I’ve never understood why, exactly, but baseball has always had a stronger appeal for writers. One reason may be that baseball is a sentimental game, living in the past and most writers are sentimental slobs. No other sport involves so much standing around to watching the grass grow or spitting. The downgrading of baseball began with the decline and fall of first base. There used to be dazzlers: Joe Torre; Keith Hernandez; Jack Clark; Mark McGwire; Albert Pujols and Bill White. Now, when a manager doesn’t know what to do with some aging rummy, he puts him on first base. I’ve even seen pitchers playing first. True, baseball is slow.
Phil Wrigley was the last to succumb to the nonsense of playing the National Anthem before every game, a brutish idea conceived during World War II to delude the public into regarding a ballgame as “patriotic.”

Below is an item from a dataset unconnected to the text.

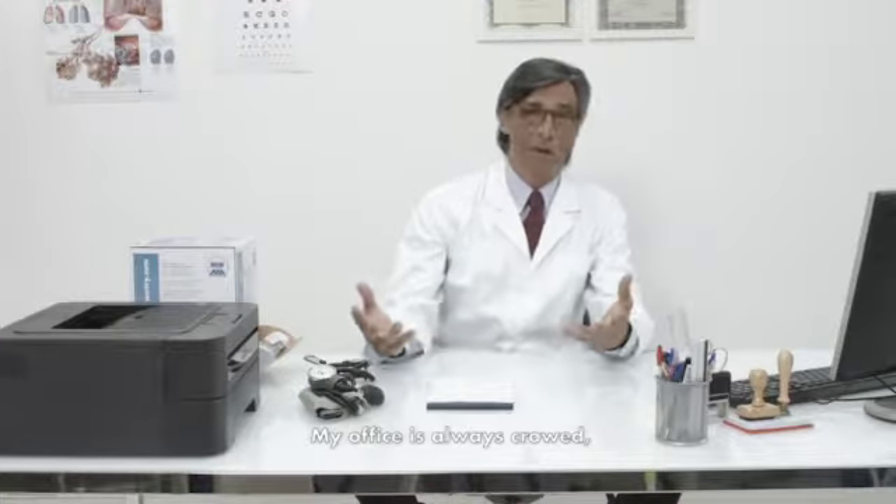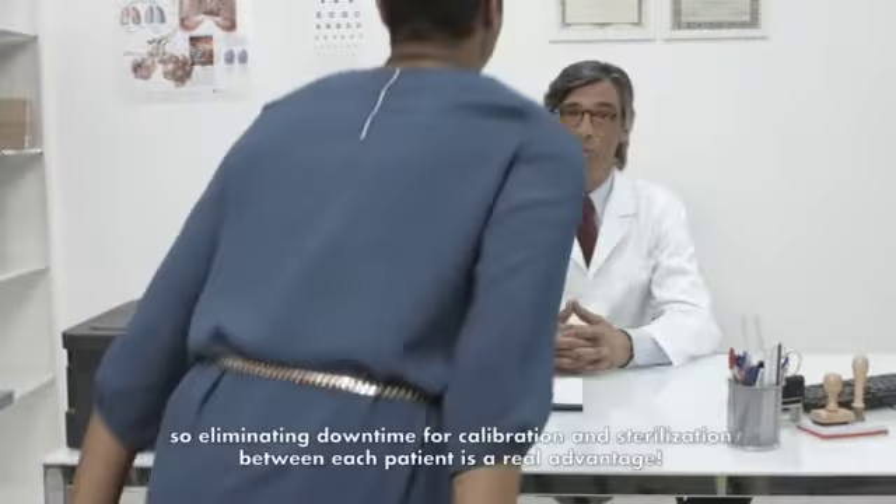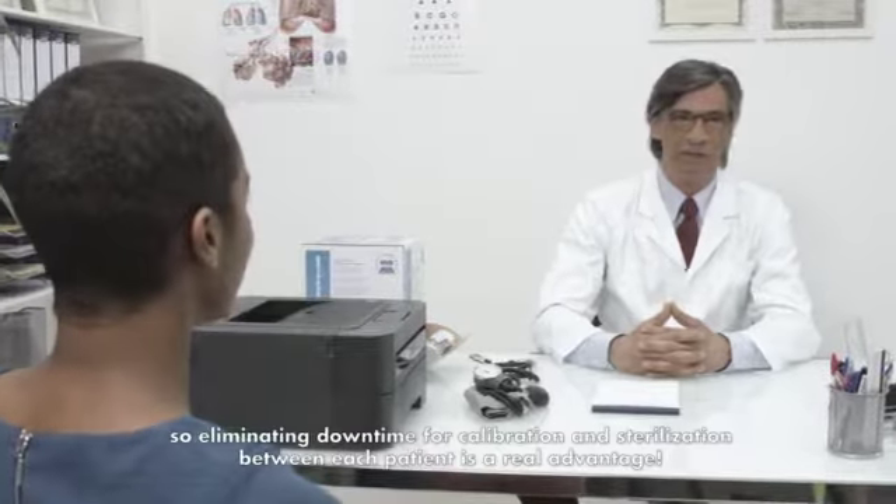I chose MIR SpiroDoc Spirometer as it is pocket-size, feature-rich, and versatile. My office is always crowded, so eliminating downtime for calibration and sterilization between each patient is a real advantage.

There’s a mad rush to remodel Scottrade, the Armory and Edward Jones Dome with financial assistance. When will Busch Stadium be in need of updating? For nostalgia, it has replaced dozens of little buildings where mom and pop had a grocery, Jim Mertikas had Grecian Gardens, Shumacher’s Restaurant, Grand Burlesque, the Garrick, a flower shop, Chinatown, the York Hotel and Little Bohemia. Gone, all of them, to where?